“Backpack” by Stefan A. Slater

Every December, I take my old high school backpack and fill it with a year’s worth of fears, nightmares, and doubts.

Then Gwen and I go to the coast and shatter all our ill thoughts with the twenty-gauge shotgun that her mother gave her as a housewarming present five years ago.

It’s not the most efficient way of doing things—I’ll admit that.

I use a luggage lock to keep the ill thoughts from crawling out, but other than that, it’s still the same old thing I dragged to and from Miss Brecker’s homeroom class—a JanSport the color of a fresh road rash with one strap that’s shrouded in duct tape.

Some years, the bag fills up gradually over the passing months. Some years, when I try to heft it, it’s so full that I’m sure the straps will snap.

Other years, it’s nearly empty. I don’t know why, so I fill it up by staring at it until my head throbs and eyes burn.

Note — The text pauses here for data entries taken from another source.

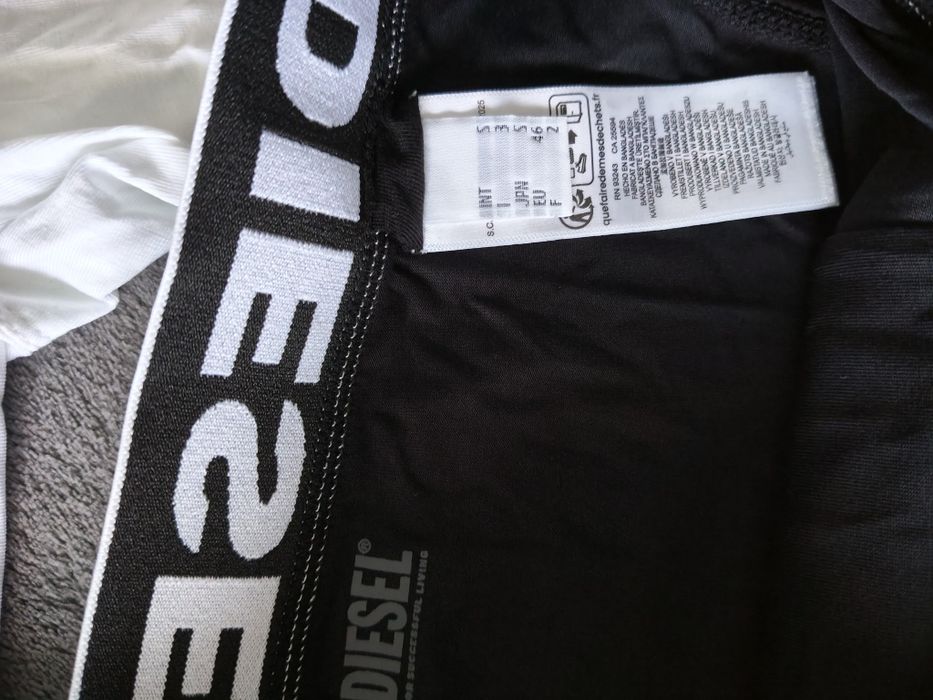 Diesel set 3 boxeri barbatesti alb-negru-negru  mărimea S noi originali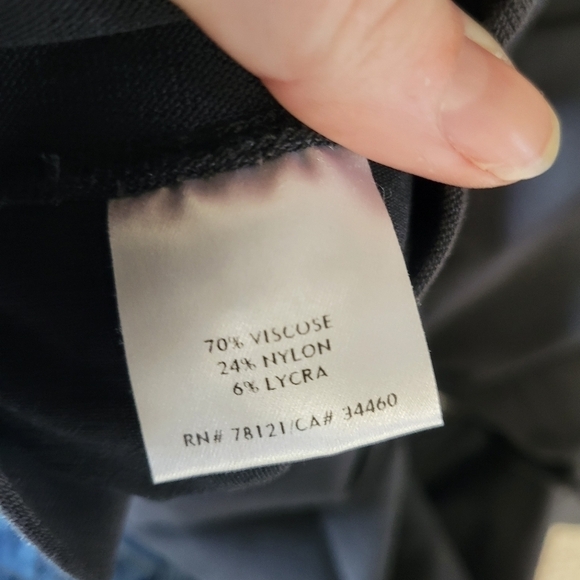 EILEEN FISHER Charcoal Grey Pull On Elastic Waist Viscose blend pants Size Large - Picture 3 of 5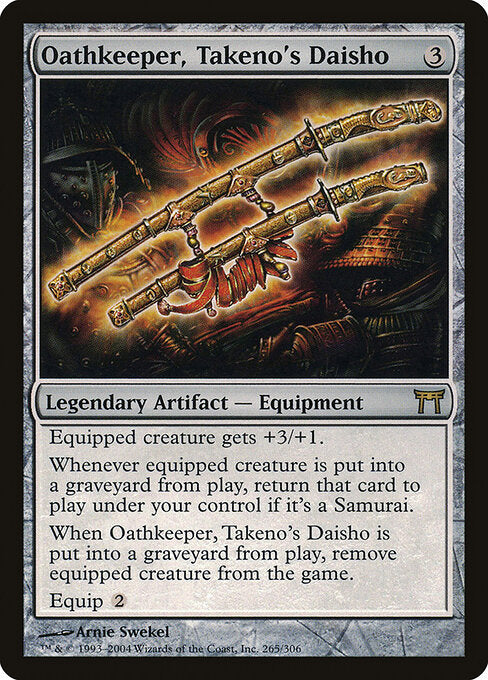 Oathkeeper, Takeno's Daisho — CHK #265 — Normal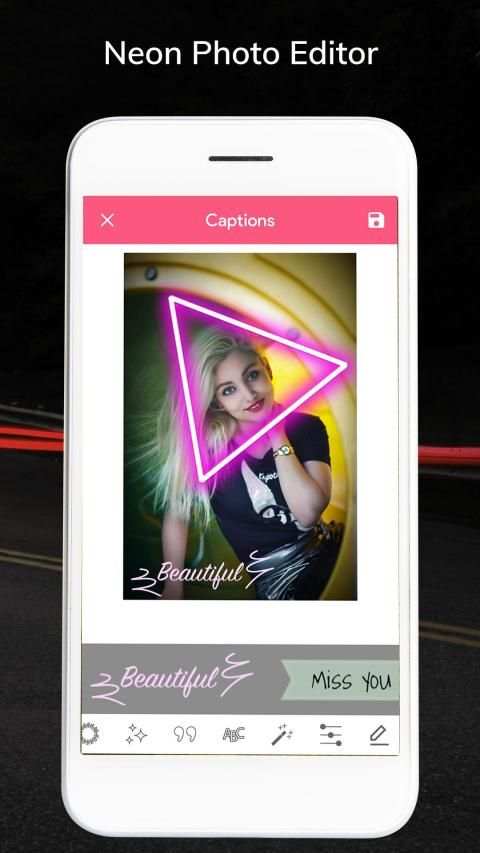 Light Crown Photo Editor - Crown Heart Pic Editor स्क्रीनशॉट 3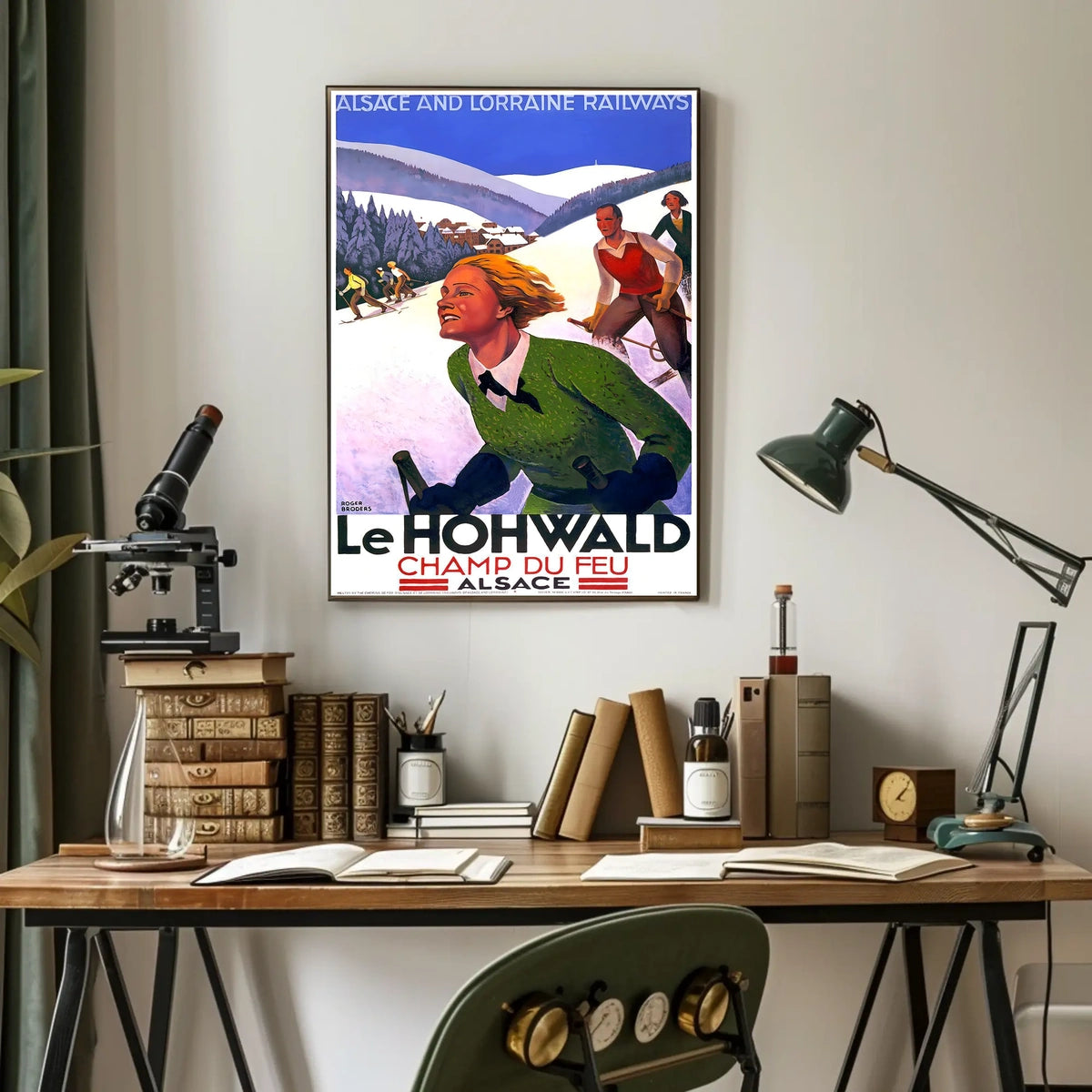 Champ Du Feu Alsace Winter Sports Poster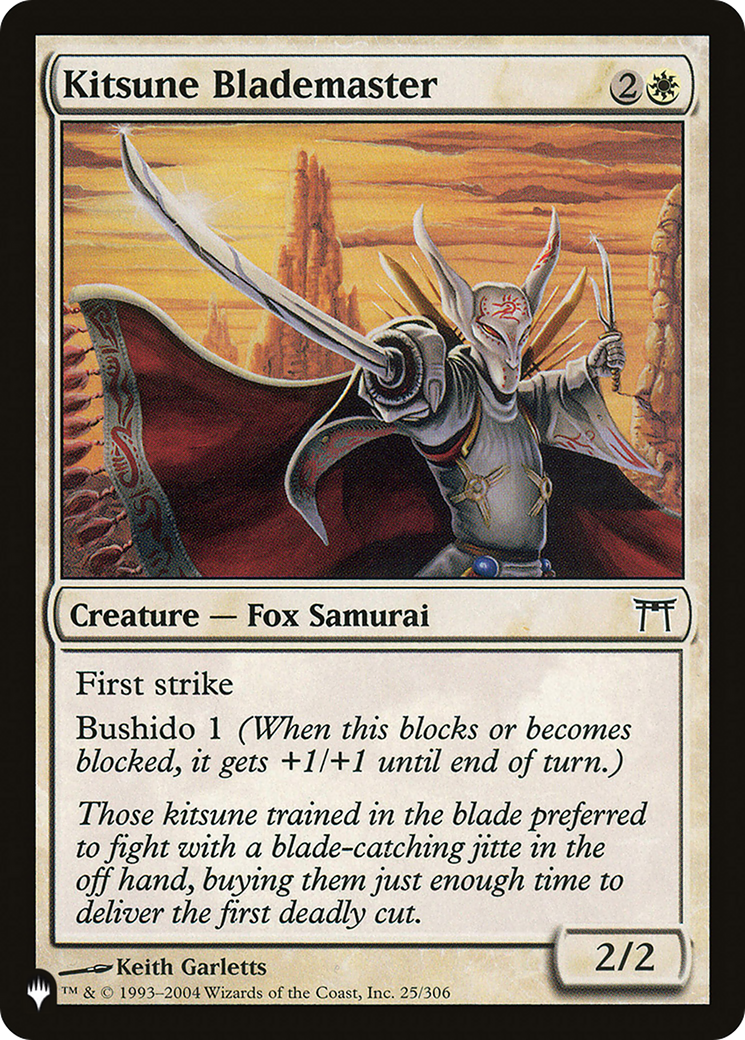 Kitsune Blademaster (LIST-CHK-25) [The List]
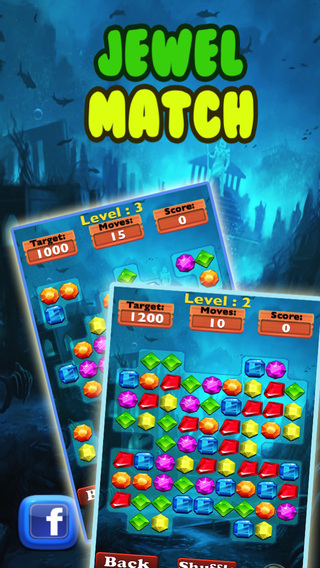 Jewel Match Fun HD-The Best Match 3 Puzzle game for kids and girls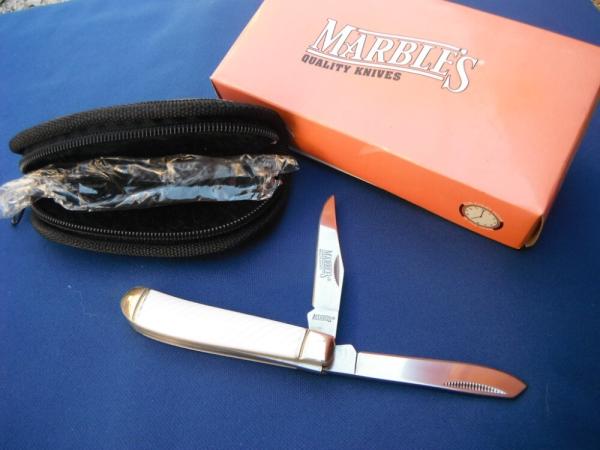 NOS/NIB Marble's 2 blade trapper folding pocket knife New in original package NOS/NIB NEW OLD STOCK NOS/NIB Marble's 2 blade trapper folding pocket knife New in original package NOS/NIB NEW OLD STOCK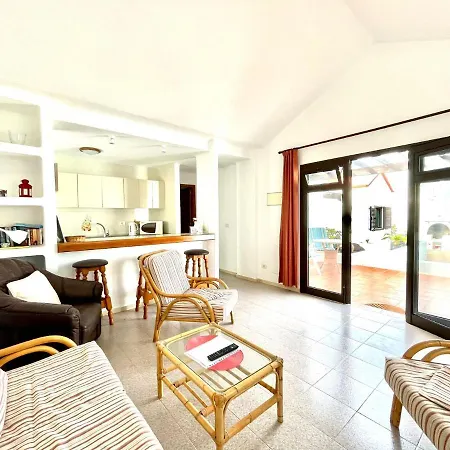 Bungalow For Nudists, With Freewifi And Great View Of The Pool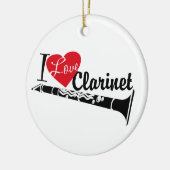 Ornement En Céramique I Love Clarinet Marching Band Photo (Gauche)
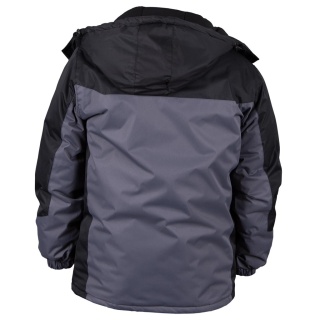 KURTKA OCHRONNA OCIEPLANA FANGER POLAR SZARO-CZARNA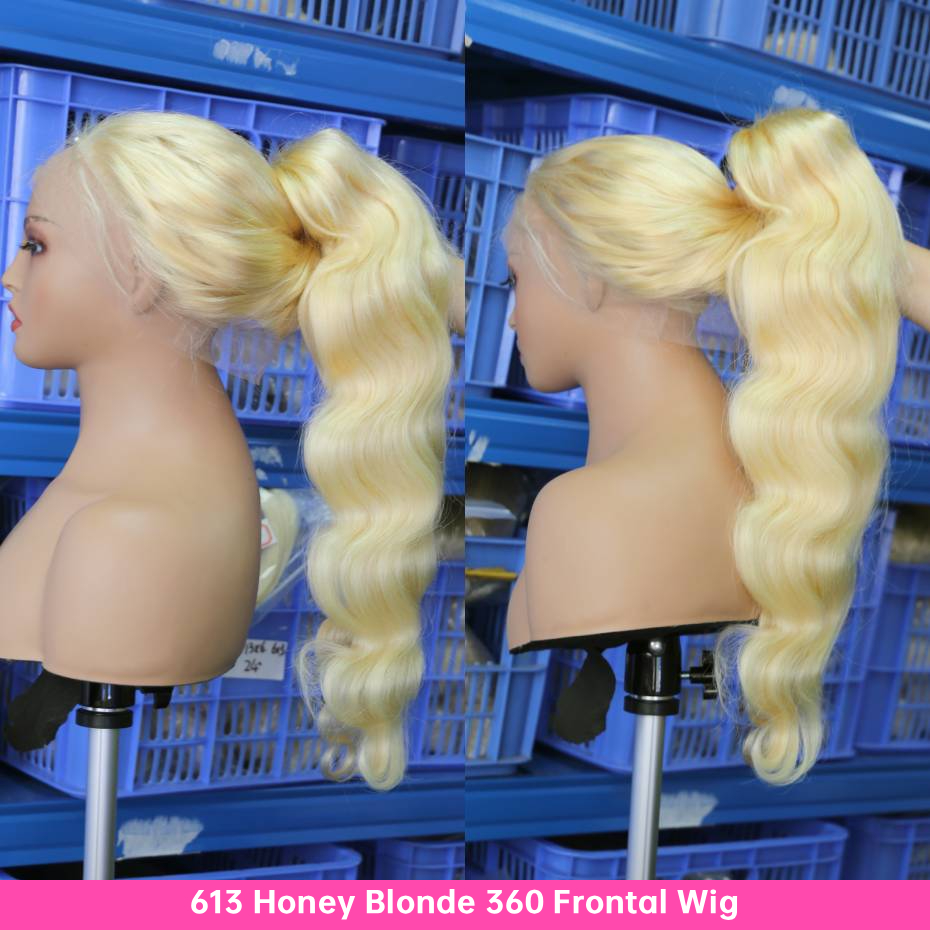 Platinum Blonde 613 Hd 13x6 La - đánh giá và giá 613 Blonde Body Wave Lace Front Wig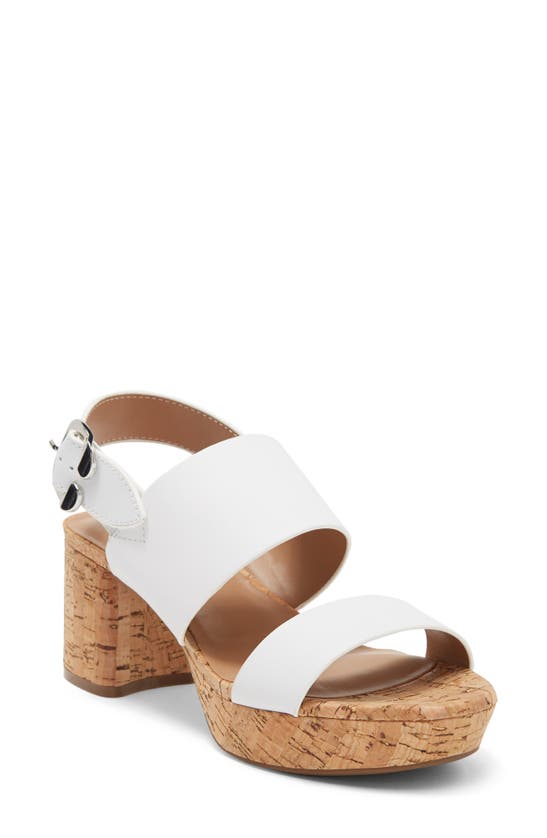 Aerosoles Carimma Platform Sandal In White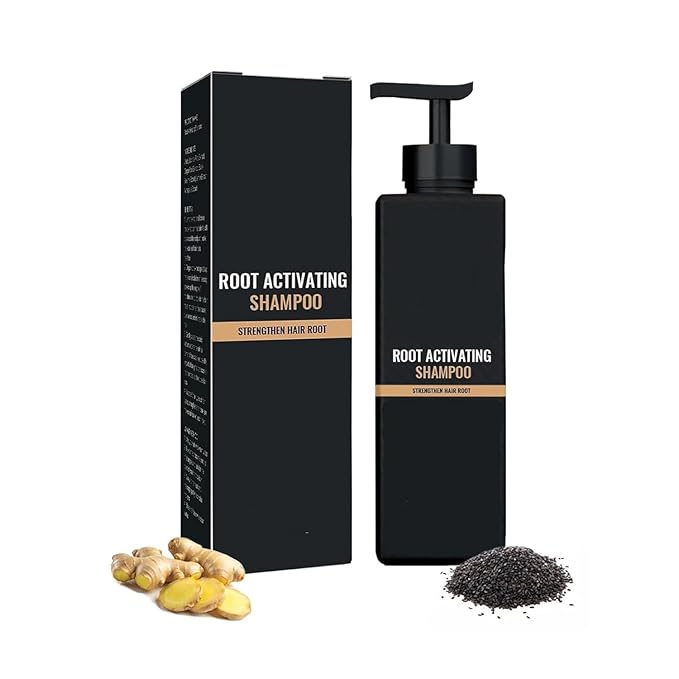 Shampoo, Root Activating Shampoo, Hair Thickening Shampoo，Natural Hair Regrowth Shampoos for Men Women(100ML)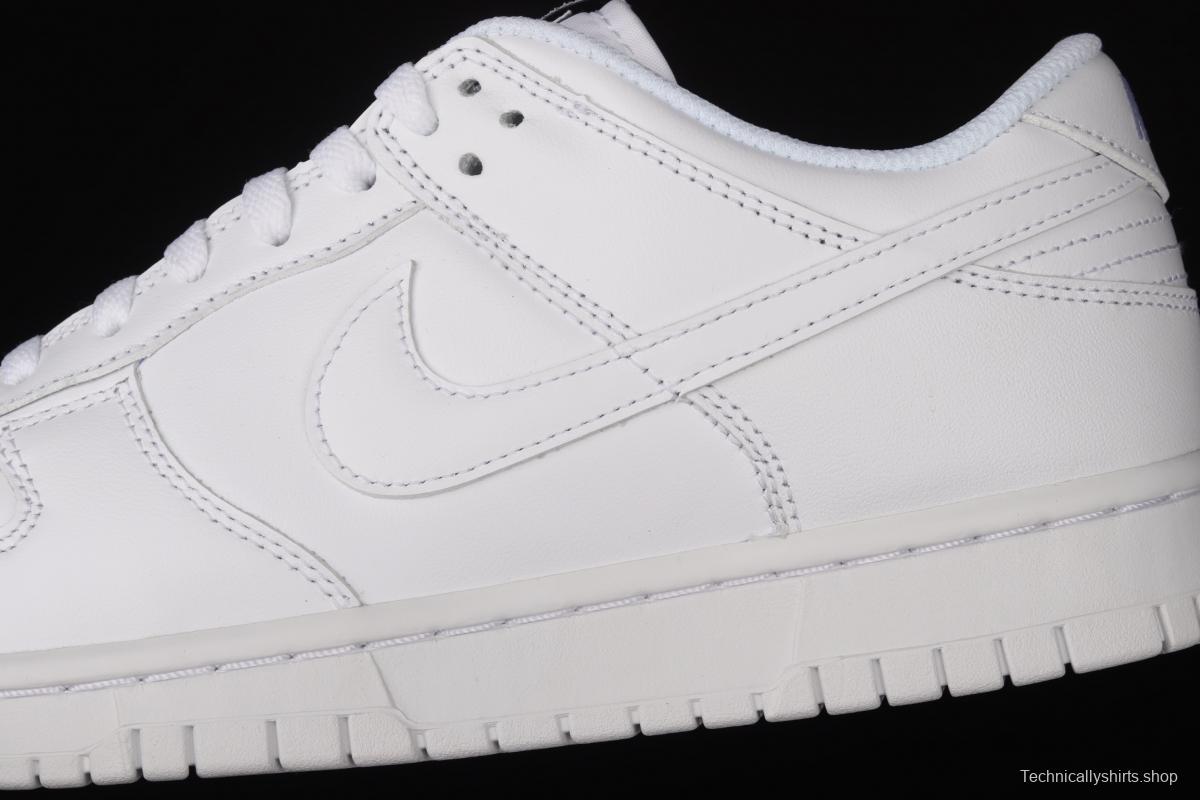 NIKE SB DUNK Low Prm pure white color SB buckle rebound fashion leisure board shoes DD1503-109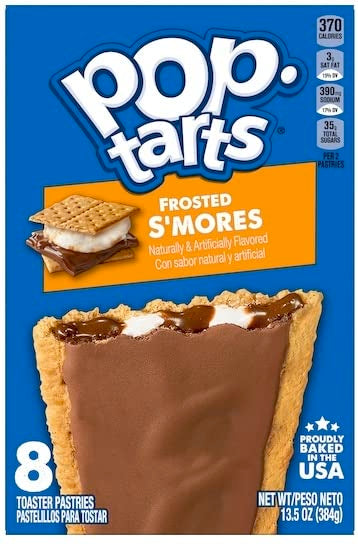Pop Tart Frosted Toaster Pastries Variety, Hot Fudge Sundae, S'mores, Chocolate Fudge, and Cookies & Creme, 13.5 Ounce (Pack of 4) - with Two Make
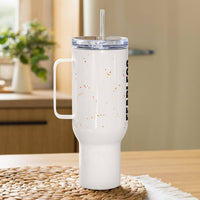 Fearless Travel Mug with Handle – Stylish Christian Mug for On - the - Go - Wear Your Heart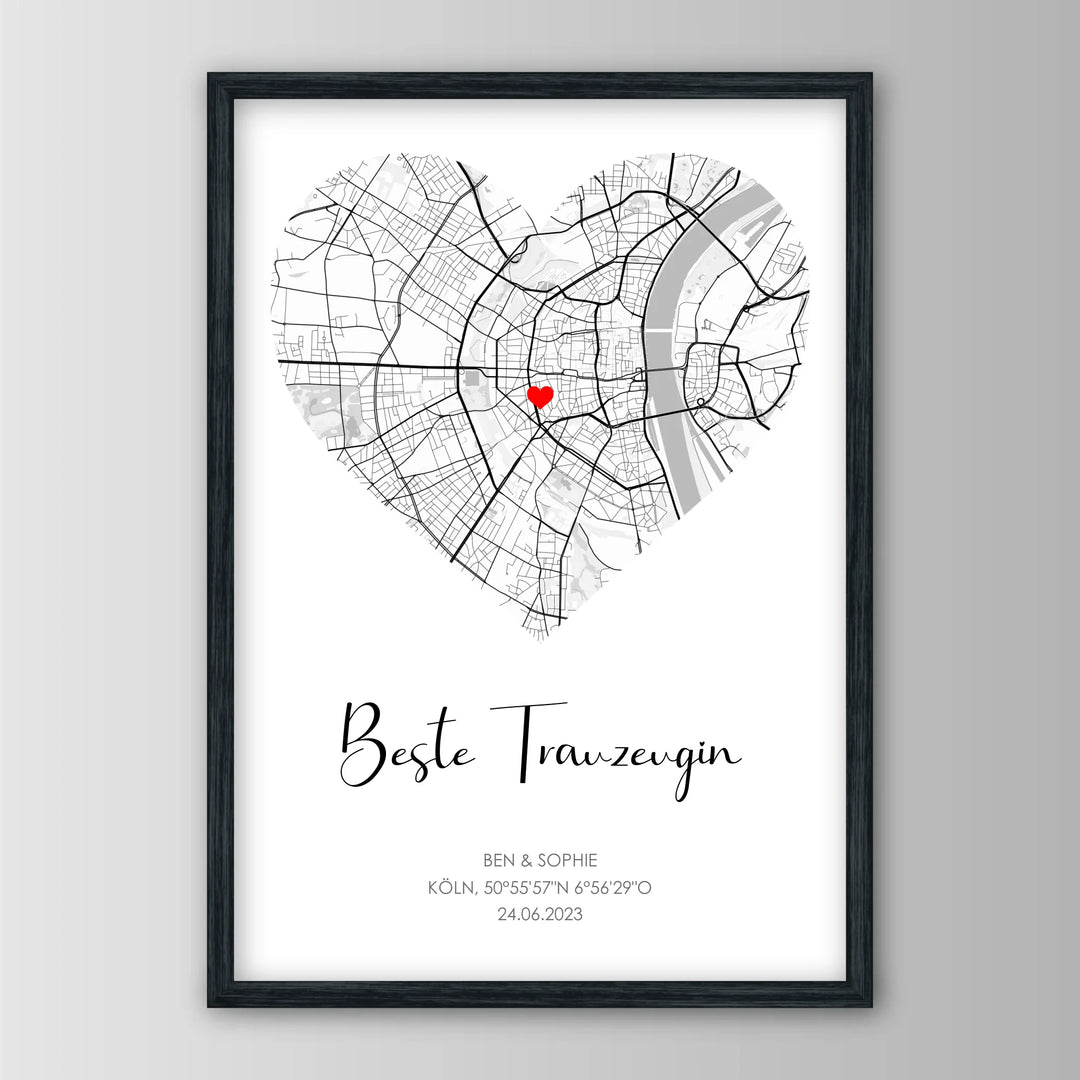 Trauzeugen Geschenk - Personalisiertes Poster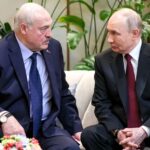 Putin mantiene una reunión con su par bielorruso
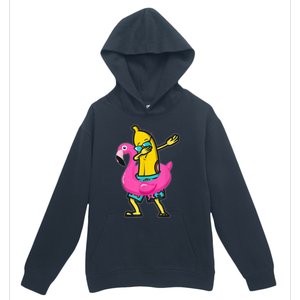 Dabbing Banana Flamingo Float Summer Tropical Fruit Hawaii Urban Pullover Hoodie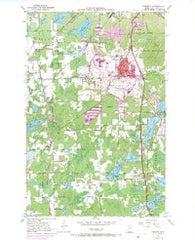 Eveleth Minnesota Historical topographic map, 1:24000 scale, 7.5 X 7.5 Minute, Year 1951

I keep my backpack next to Gwen’s (a ratty gym bag from her track days) in the closet. Every now and then, I check to see how heavy hers is, usually when she’s at work.

Most years, it’s pretty full. Most years, I’m convinced her bag is the one that’s going to break open.

* * *

Every family has their own tradition—their own way of disposing before the New Year.

I’ve known Charlie since grade school. Every December he and his family have a bonfire. They toss all of their ill thoughts into that cinder block pit in his father’s backyard. Then they drench everything in gasoline, toss in a match—boom!

My family purged with sweat and earth: Mom and Dad would drag me to the top of Mesita Ridge, up among the brittle and crooked pines all stunted from acid rain. We’d work with folding shovels in the thin air, our breath hovering over our heads, and we’d bury each ill thought, smothering them all in the damp earth.

* * *

Gwen’s family has their own tradition. She took my last name, so we use her tradition—only fair, right?

A week before, we both go about shaping our ill thoughts.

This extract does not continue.